This is a far more serious task than I have ever undertaken before and I could use all the advice I can get. I have been informed of this just a few minutes ago and here are my rough thoughts on approaching this:
- Create an inventory of all components necessary for this to run.
- Document the inputs, outputs, and purpose of all programs.
- Identify a set of standards for the rewrite. In particular, ensure that functions have standard interfaces (I'm sick of some returning a HoH and others returning a reference to an HoH).
- Identify what logic should be handled by the database and what should be in the Perl code.
- Strip out all HERE docs and start using Template Toolkit.
That's where I get stuck. Should I start working on the modules first? I think that's the best approach. However, do I rewrite them so that they set the globals and return the values, so that old code doesn't break? Simply stripping out globals will break every program. Later, when the conversions done, strip out the 'globals' code? I don't like that as I'm leery that the "stripping" out won't be done.
Start porting this application to a test site and build it a piece at a time? That's my preference, but it does mean that we won't have the more robust features available during development.
This is -- for me -- a very large rewrite. It's only about 30 or so programs, as far as I can tell, but many of them are thousands of lines long (though that's due in part to the HERE docs. Am I looking at this the wrong way? Is there a better way I can organize and direct things to get this done? Further, we're not being paid for the rewrite, so this will be done part-time in addition to our other work.
Cheers,
Ovid
Vote for paco!
Join the Perlmonks Setiathome Group or just click on the the link and check out our stats.
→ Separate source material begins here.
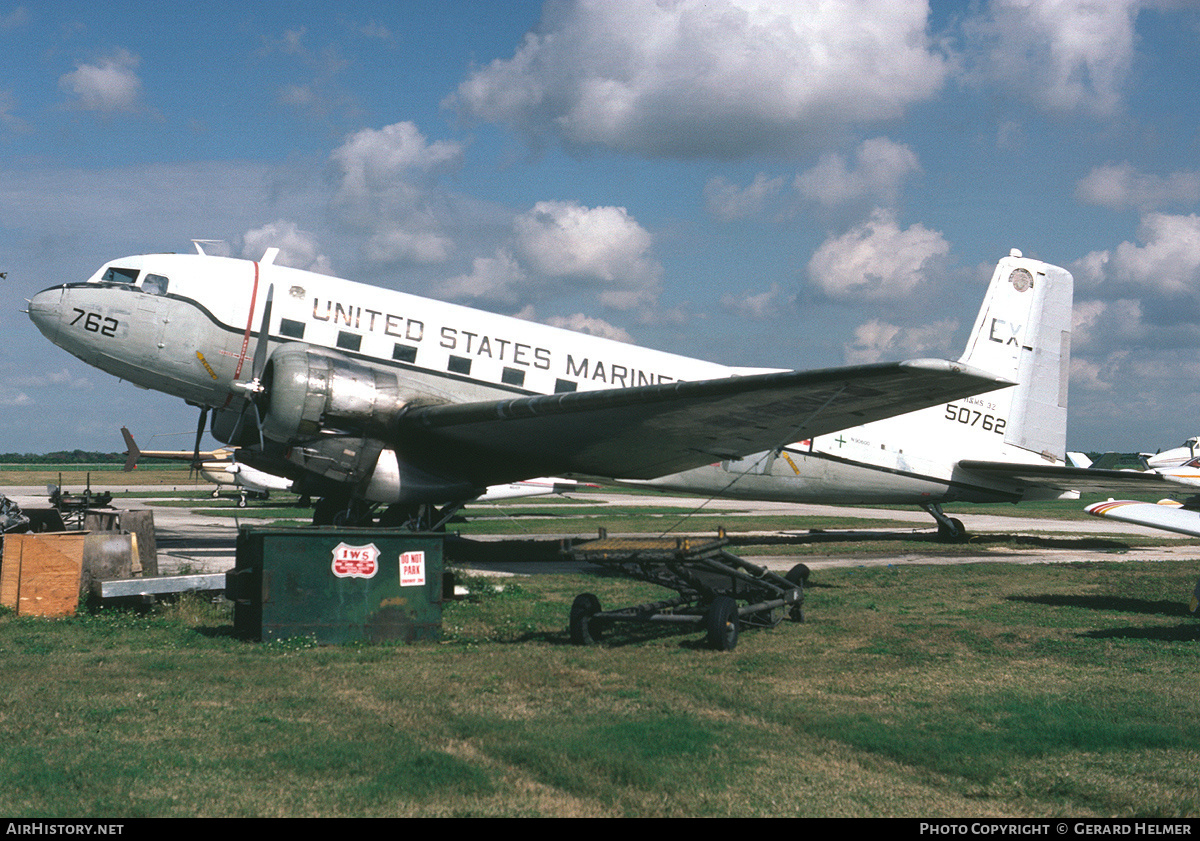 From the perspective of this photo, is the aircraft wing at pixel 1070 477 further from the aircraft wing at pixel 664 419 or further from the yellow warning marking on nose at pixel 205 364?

Re: Rewriting a large code base
by BMaximus (Chaplain) on Jun 28, 2001 at 04:33 UTC
|
This reminds me of my last job. The original code was a huge big lump of code. Most of it was in one module and it was a MESS. So my coworkers and I were given the task to turn the mess into what was to be known as 2nd gen. It too had extensive HERE docs. So here's what we did.
We had made a decision to extract all HERE docs and template the entire site. It was in our belief that HTML does not belong in Perl code. It only serves to bloat it. We then documented as to where everything went as far as the layout of the application. Inputs, outputs, database access, etc etc. It was a complete rewrite while basicaly salvaging code where we could.
We split the site up in to different elements.
- Application
- Business Logic
- Database interface
- Utilities
- Initialization
- Miscellaneous
Each of these were organized in to a separate directory and cvs was used to coordinate each of our tasks and contributions.
Application: was where the main applications were put it took care of presenting the information to the user.
Business Logic: took care of any calculations that wre needed and also subroutines for things that were commonly accessed were here as well so as to keep things from becoming redundant.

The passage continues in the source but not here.